Android loads executable code from your .apk (like .oat or .so files) using mmap. This means the code is file-backed.

Crucially, Android uses demand paging. When your app starts, the kernel does not load the entire APK into RAM immediately. Instead, it only maps the file into the process's virtual address space. As your app executes, and the CPU jumps to a new function, it triggers a “page fault.” The kernel pauses the thread, reads that specific 4KB page of code from the storage into physical RAM, and resumes execution.

A diagram illustrating demand paging, showing virtual pages being mapped tophysical RAM pages only when accessed

This means that code you package but never execute does not use physical memory for the code pages themselves.
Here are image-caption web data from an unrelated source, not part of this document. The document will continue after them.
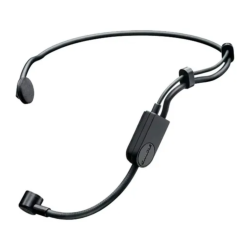 Microfone Shure sem Fio Headset Pga31 Tqg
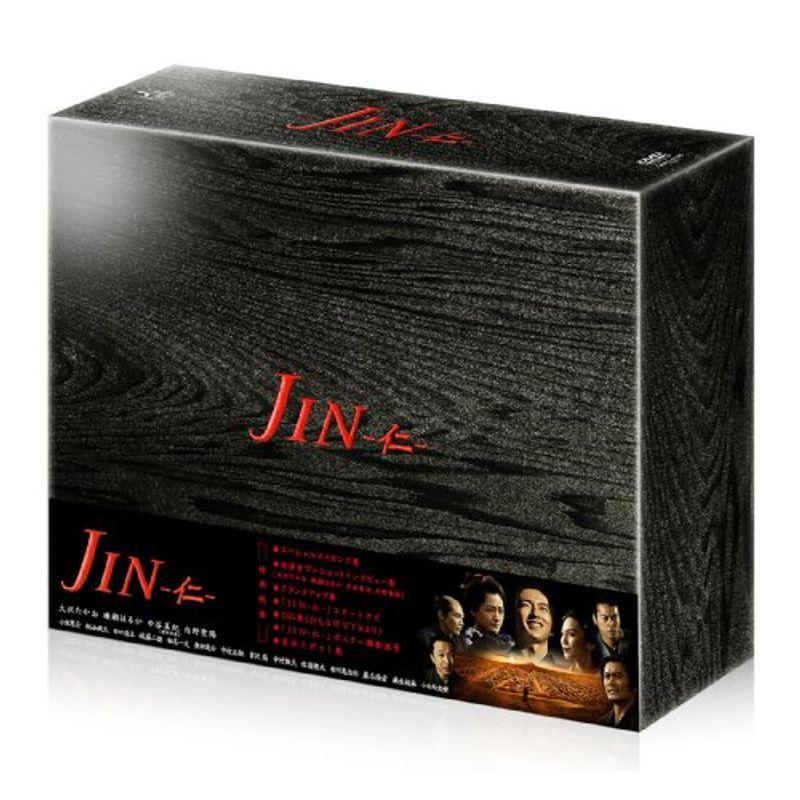 JIN-仁- 完結編 DVD-BOX｜scarlet2021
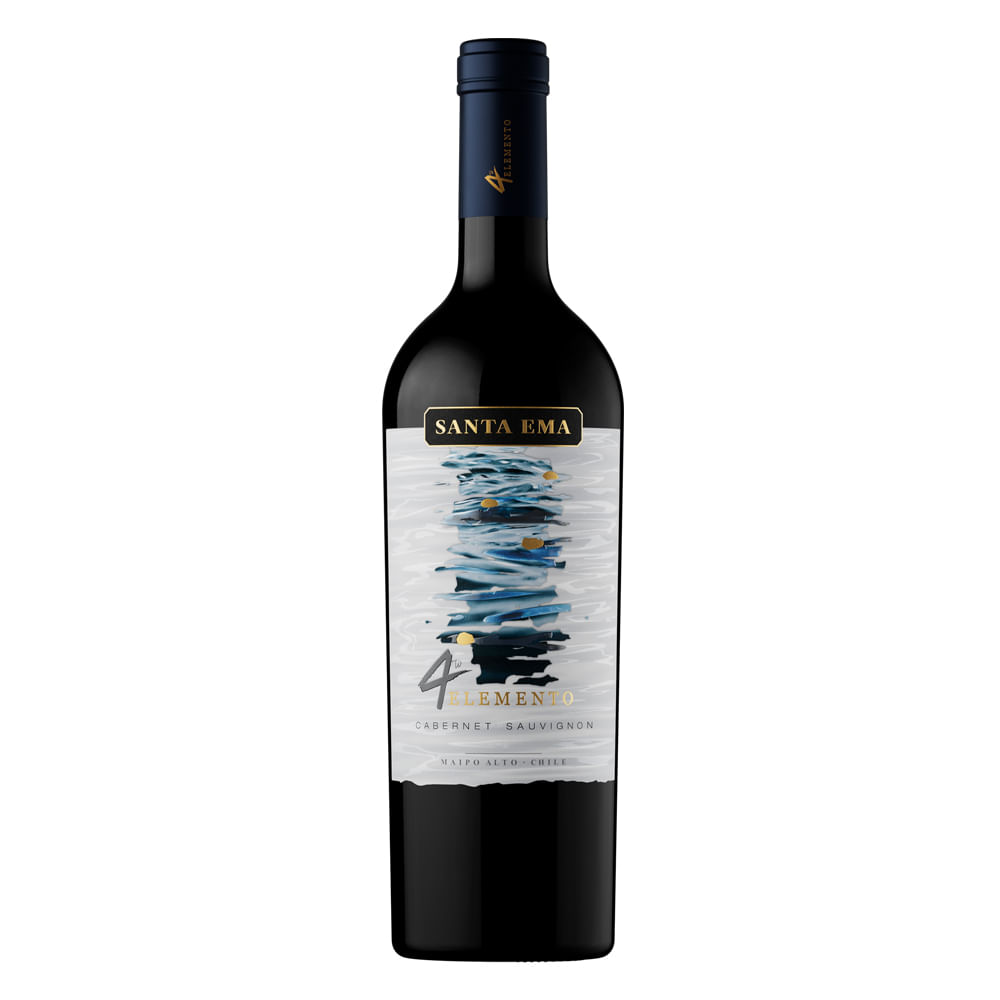 Santa Ema Cuarto Elemento Cabernet Sauvignon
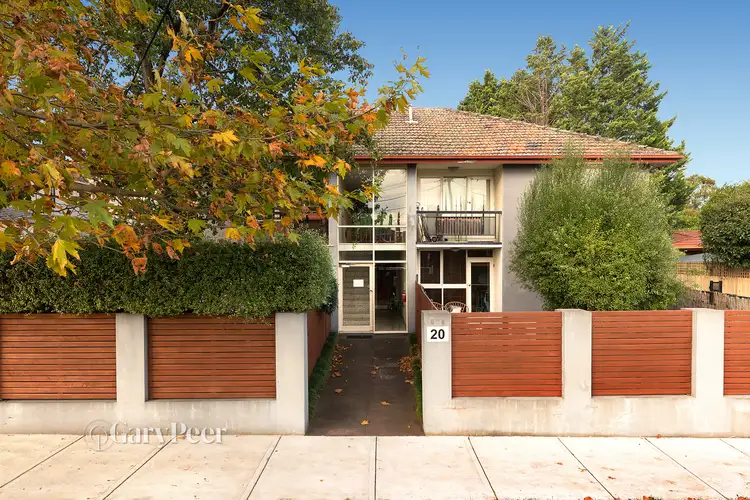 Main view of Homely apartment listing, 6/20 Toward Street, Murrumbeena VIC 3163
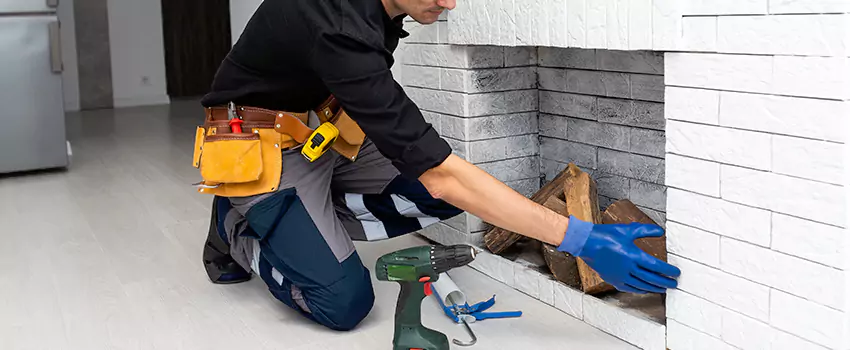 Ethanol Fireplace Installation Contractors in Franklin, Wisconsin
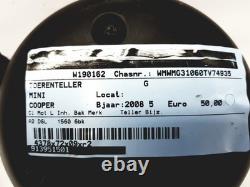 Bloc Compteurs Vitesse Mini Cooper One R50 913951501 9139515-01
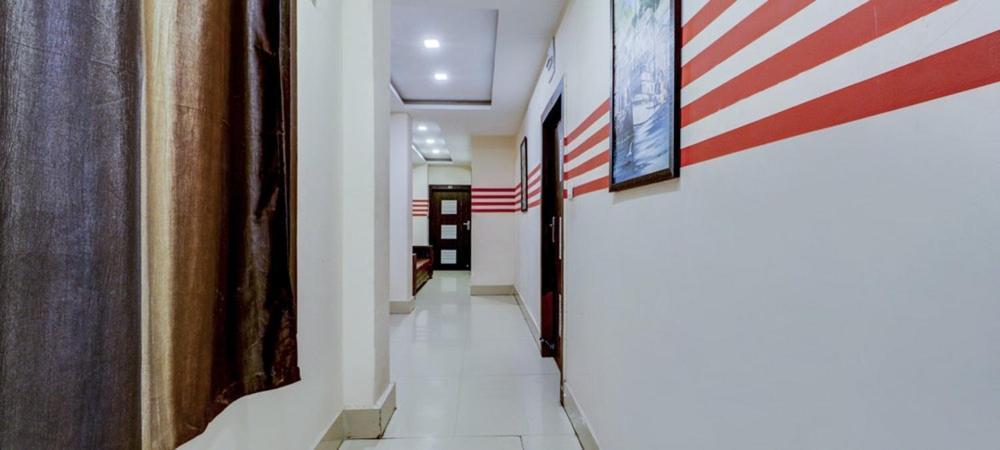 Fabhotel Dreamland Calcutta Exterior foto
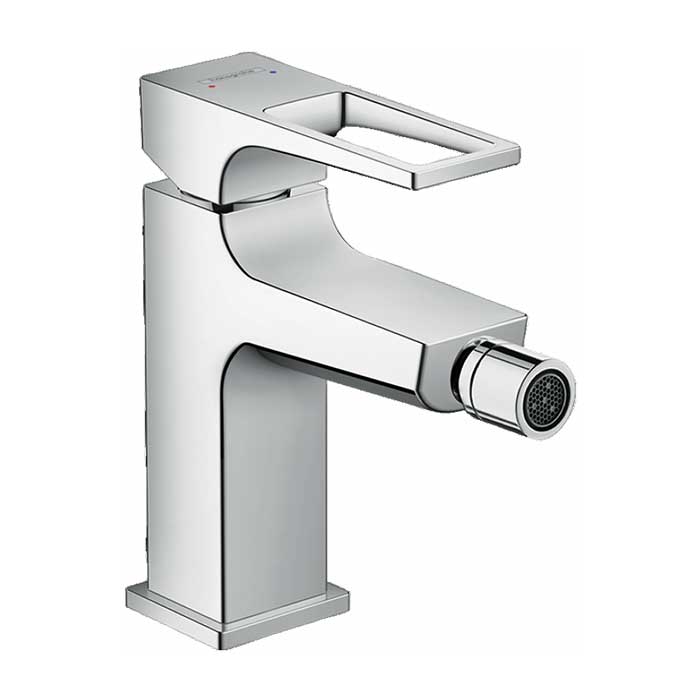 Смеситель для биде Hansgrohe Metropol (74520000) фото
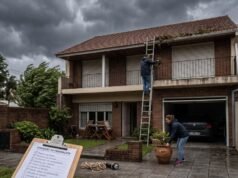 Tormentas y vientos fuertes: qué hacer en casa este jueves en Buenos Aires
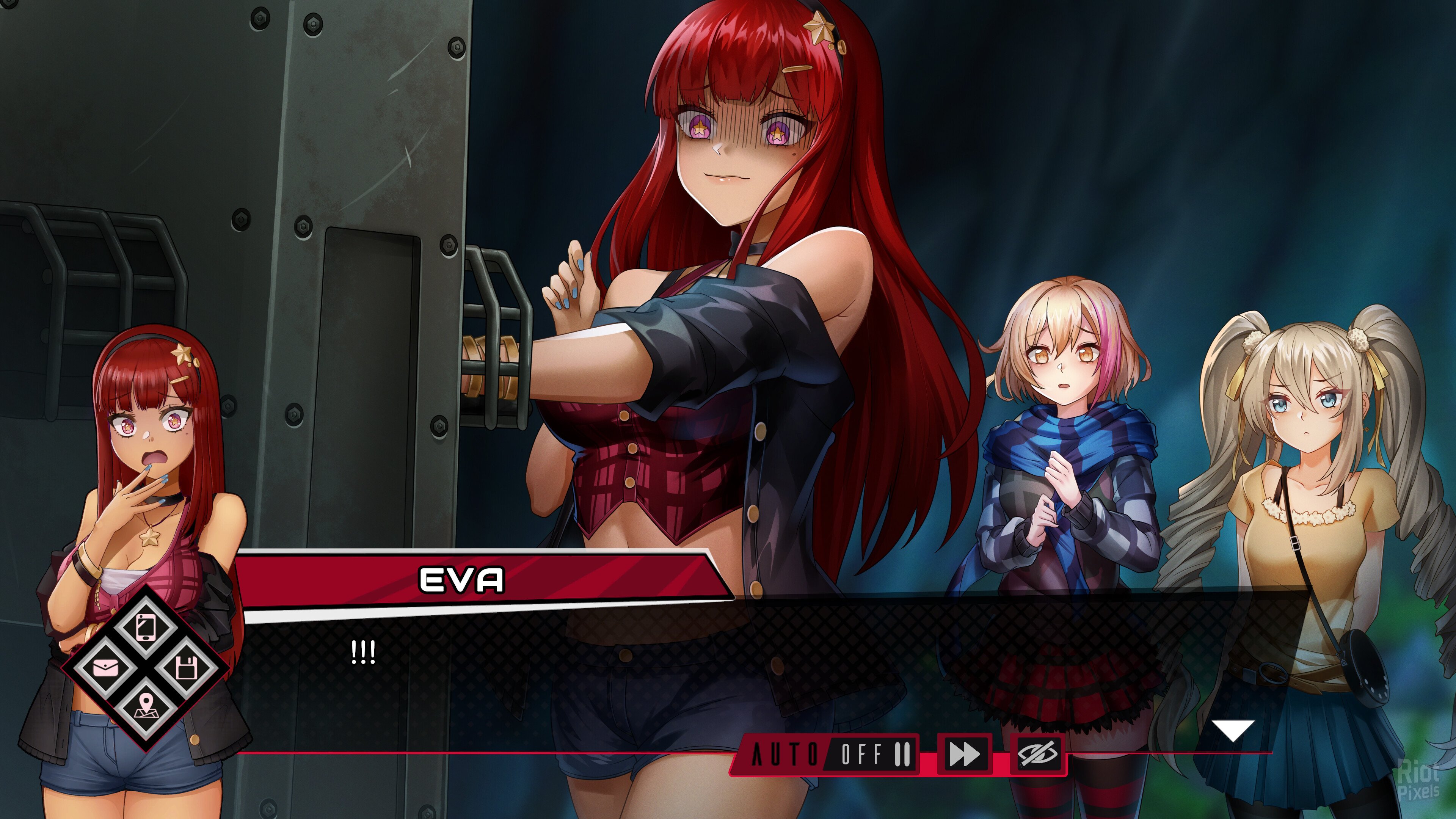 [3]-Inescapable: No Rules, No Rescue – v1.0.1 Download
However, unused libraries still increase the overall APK size and can significantly increase the memory used by the system's internal metadata (like DEX indices and class descriptors), which must be read to even know that the code exists. Furthermore, many libraries contain static initializers or are touched by dependency injection frameworks during app startup, causing them to be paged into RAM anyway.

Page Eviction and Slowdowns

Because file-backed memory can always be re-read from storage, the kernel considers these pages “clean”. When the system experiences memory pressure, the kernel will evict (drop) these clean code pages from RAM to make room for other things.

If your app later needs to execute that code again, the CPU will fault, and the kernel must re-read the page from storage. The more code your app has, the more vulnerable it is to having its code evicted. When a user returns to your bloated app after using other apps, they will experience random jank and slowdowns as the CPU constantly stalls waiting for code to be paged back in from storage.

The Cost of a Page Fault: While it varies heavily based on the device's storage speed (UFS vs. eMMC) and kernel state, a major page fault (reading 4KB from storage) can cost anywhere from 0.5ms to 5ms. If your startup path touches 500 different pages of unoptimized code, you could easily introduce several hundred milliseconds of pure I/O latency to your app startup time.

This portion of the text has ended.